Real US consumer price inflation is running at about 4% a year, well above the Federal Reserve’s 2% target and far higher than the 2.7% year-on-year increase reported for April and reflected in the yields of short-term inflation-indexed US Treasury securities.
That’s due to a quirk of US inflation measurement, which includes home price inflation with a one- to two-year lag.
Even worse, the explosion of US home prices—now increasing at a bubbly 12% a year—portends even higher inflation for 2022. US fiscal and monetary policy pushed $5 trillion of fiscal stimulus into an economy hobbled by supply constraints, creating the economic equivalent of shaking a bottle of warm Pepsi while placing one’s thumb over the opening.
During the inflationary 1970s, Americans took on 30-year mortgages at interest rates of 7.5% to 10% to buy homes as a hedge against inflation.
They are doing the same thing today, except at record-low rates of as little as 2.7%, thanks to the Federal Reserve’s decision to hold short-term interest rates at zero while buying $4 trillion of securities during the past year.
Home price inflation is back to 12% a year, equal to the peak of the housing bubble of the 2000’s.
The US government’s calculation of home price inflation in the Consumer Price Index, though, shows a year-on-year gain of just 2%. That’s because the government’s measure of “owner-equivalent rent,” which makes up nearly 30% of the Consumer Price Index, responds to home prices with a lag—as shown in the chart below.
The drop in the government’s home price inflation measure during the past two years coincides with a jump in the price of homes, as reported by the Case-Shiller Index. That puts two years’ worth of higher inflation into the pipeline.
There is a close correlation between the Case-Shiller Index of US home prices and the Consumer Price Index housing component—but with a lag of 12 to 24 months. In plain English, today’s home price bubble will work its way into the reported Consumer Price Index numbers in 2022 and 2023.
Other components of the Consumer Price Index are poised for a jump, as I reported April 16. The reported 9.8% jump in US retail sales from March to April reflected price increases more than real improvement in retail volume. The single largest gain in retail sales occurred in motor vehicles and parts.
The Mannheim Index of used vehicle prices registers a 30% jump year-on-year as of February 2021, far above the government’s 9% estimate. Part of the difference is due to the fact that Mannheim takes into account auctions of used vehicles at the wholesale level, which means that the 30% price jump is still trickling down to the retail level.

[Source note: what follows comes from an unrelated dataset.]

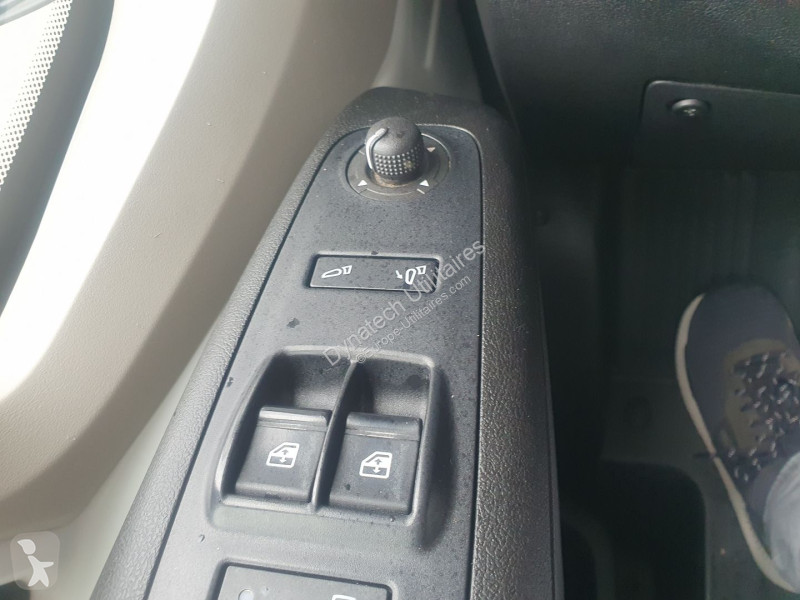 Autoutilitară Peugeot BOXER FG 333 L2H2 2.2...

US auto production fell by about 25% during the first quarter, from a December 2020 annual rate of 12 million vehicles to about 9 million vehicles in March, in part due to a global shortage of semiconductors.
Auto sales rose to a 13.6 million annual rate. Imports and inventory made up the difference, and auto inventories fell to just two months’ supply, one of the lowest levels in history, and the lowest since the 2009 recession. The constriction of auto production due to the chip shortage is global, limiting the availability of imports.
The world’s largest chip fabricator, Taiwan Semiconductor Manufacturing Co, warned last week that “ongoing trade tensions or protectionist measures could result in increased prices for, or even unavailability of, key equipment” for semiconductor production.
TSMC echoed an earlier statement by China’s Huawei Technologies, which blamed the global chip shortage on US sanctions.
The jump in sales, spurred by the Biden Administration’s $1.9 trillion fiscal stimulus, clashes with falling production and shrinking inventories. That in turn squeezes the used vehicle market, pushing the year-on-year price increase.
Total US machinery orders have fallen by about a third since the 2007 peak after inflation, reflecting systematic underinvestment in US production capacity.